Biography
Hello! I am Zihao Yang, currently a Ph.D. candidate in Electronic Science and Technology at Anhui University. My research focuses on the intersection of AI in general vision and agriculture, exploring how machines can "understand" the complex world and perform logical reasoning. My goal is to build efficient, precise, and continuously learning intelligent vision systems.
Research Interests
- General Vision Models
(Object Detection / Segmentation) - Vision-Language Models
(MLLM / Diffusion) - Visual Complex Reasoning
(Chain-of-Thought / Visual Thinking) - Visual Token Compression
(Pruning / Distillation) - Visual Continual Learning
(Memory / Fast-Slow Systems) - Embodied AI
(Robotics / Autonomous Driving)
Education
Anhui University (AHU)
Ph.D. Candidate
Sept. 2023 - Present
Electronic Science & Technology
2025 Anhui Prov. Dept. of Edu. Ph.D. Research Project Grant
Anhui Science and Tech. Univ. (AHSTU)
Bachelor
Sept. 2019 - June 2023
Optoelectronic Information Science & Engineering
Rank: 1 / 37
GPA: 3.62 / 4.0
Ranked 1st in Entrance Exam (Prelim & Re-exam)
Full Scholarship
CET-6
National Physics Competition (3rd Prize)
Outstanding Graduate
Research

Selected Projects

Remote Sensing Zero-Shot Detection & Lightweight Deployment
- Designed and implemented a deep learning-based zero-shot object detection model, utilizing cross-modal alignment technology to overcome the limitation of heavy annotation dependence for new military targets.
- Led model optimization strategies such as quantization, pruning, and knowledge distillation for domestic Ascend NPUs, implementing the Pt→ONNX→OM pipeline for efficient inference on edge computing devices.

Automotive Part Defect Detection (Dongfeng Line)
- Developed a deep learning vision model to precisely identify surface defects on automotive parts, such as scratches, cracks, deformations, and missing components.
- Integrated industrial cameras, lighting, and PLC hardware; developed software modules for image acquisition, processing, result judgment, and data visualization, automating the inspection process.

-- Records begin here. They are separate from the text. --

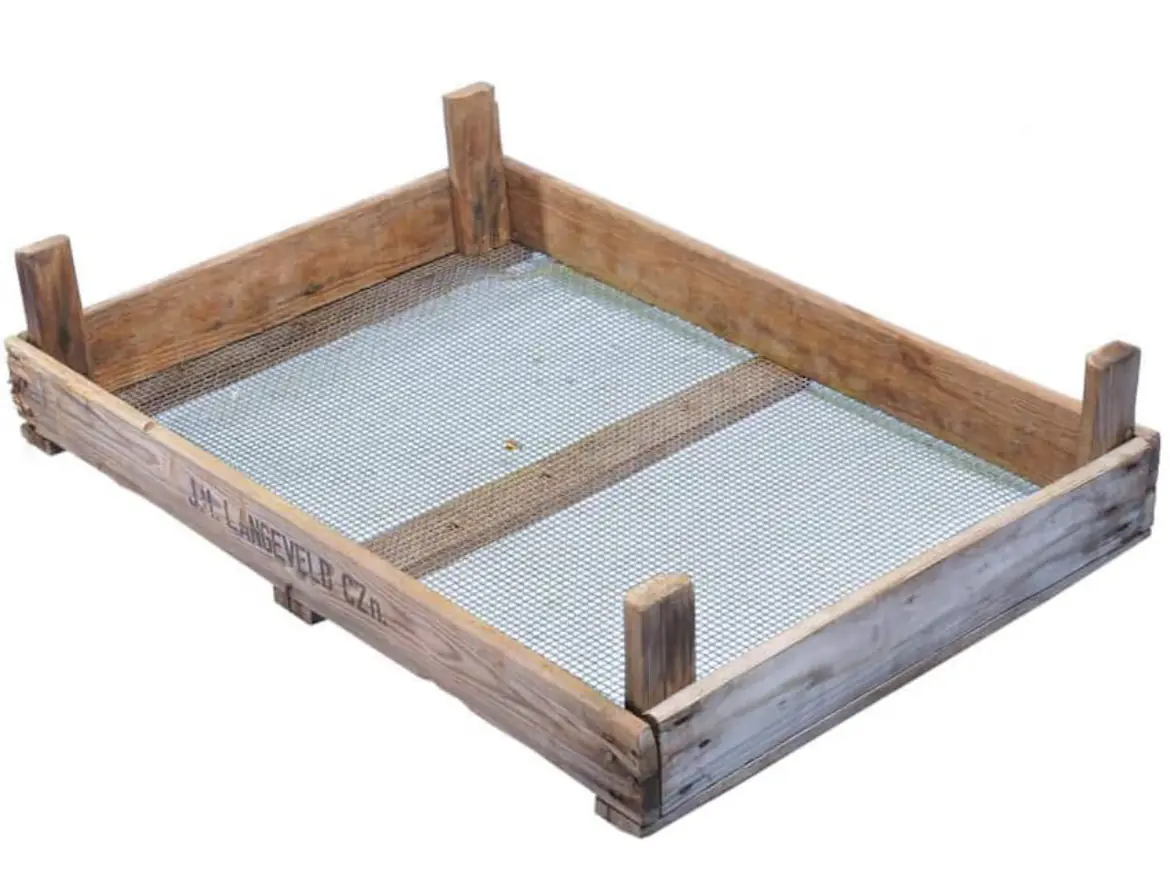 Flamingo Blumenzwiebelkiste Vintage Holz mit Metallgitterboden 70 x 50 x 13 cm braun Flamingo Blumenzwiebelkiste Vintage Holz mit Metallgitterboden 70 x 50 x 13 cm braun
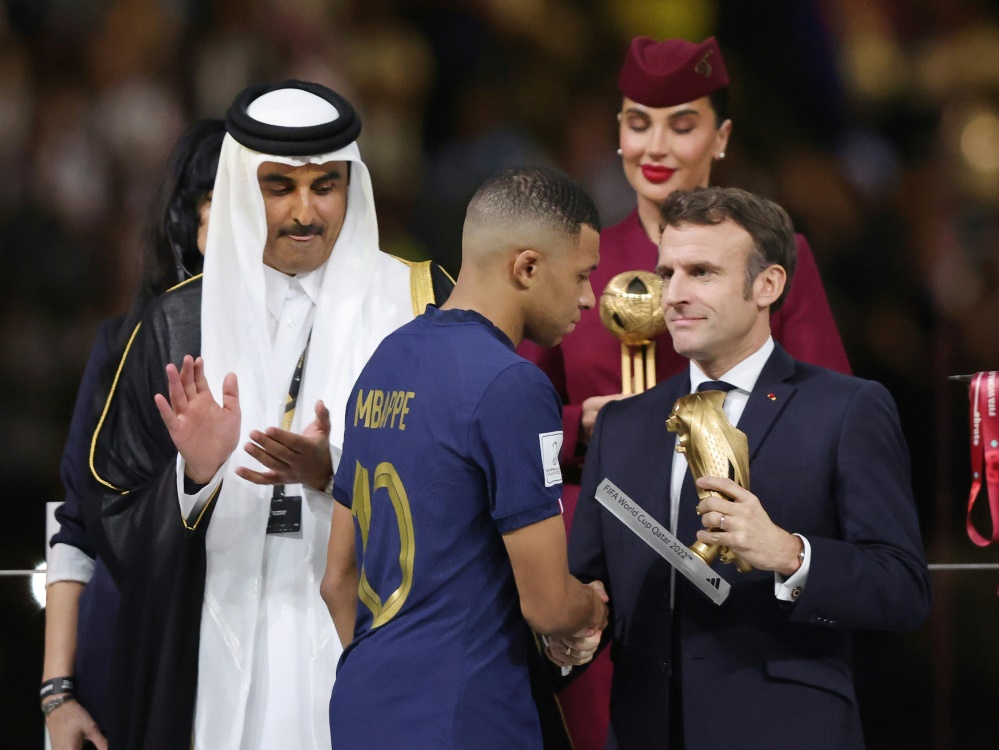 Macron zeigte sich in Katar als großer Fußballfan (Foto: FIRO/FIRO/SID)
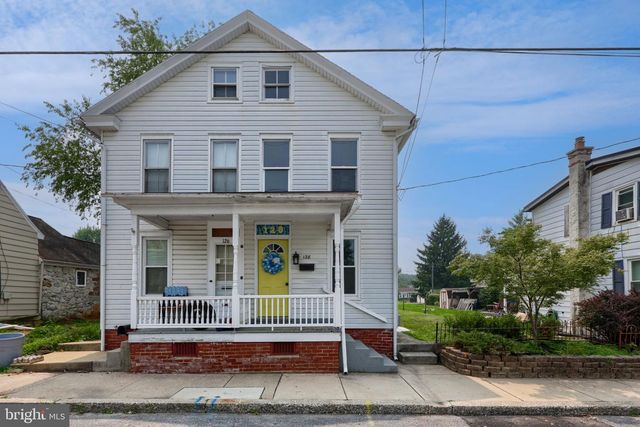 128 N CHARLOTTE ST, Manheim, PA 17545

361° Shoe Sole Automatic Gluing System
- Designed a fully automated gluing system meeting 361°'s specific process requirements, integrating sole positioning, visual guidance, and precision spraying.
- Utilized binocular cameras with structured light for 3D point cloud reconstruction and instance segmentation to extract gluing areas, providing accurate paths for the robotic arm.

Provincial Natural Science Foundation — LLM-based Pest Classification
- Led the collection, cleaning, and fine-grained annotation of large-scale agricultural pest images, establishing a dataset of over 100k images across 60 categories.
- Researched and applied transfer learning and efficient fine-tuning techniques for Visual Large Models, significantly improving pest recognition with limited samples.
- Constructed a Multimodal Knowledge Graph for RAG (Retrieval-Augmented Generation) to reduce MLLM hallucinations and improve accuracy in agricultural Q&A.

National Natural Science Foundation — Wheat Disease Recognition
- Identified tiny pests and diseases in UAV aerial images of wheat using deep learning algorithms.
- Designed model optimization strategies based on domain adaptation and meta-learning, significantly enhancing generalization across different regions, climates, and planting conditions.
Lifestyle & Interests
Overwatch
Hardcore Player.
Top 500 Player
Marathon
Challenge limits, measure the city with footsteps.
Half Marathon PB
1:52:58
Active Life
Enjoying the wild and the court.
Pop Culture
Eason Chan, Jiang Wen, Wong Kar-wai.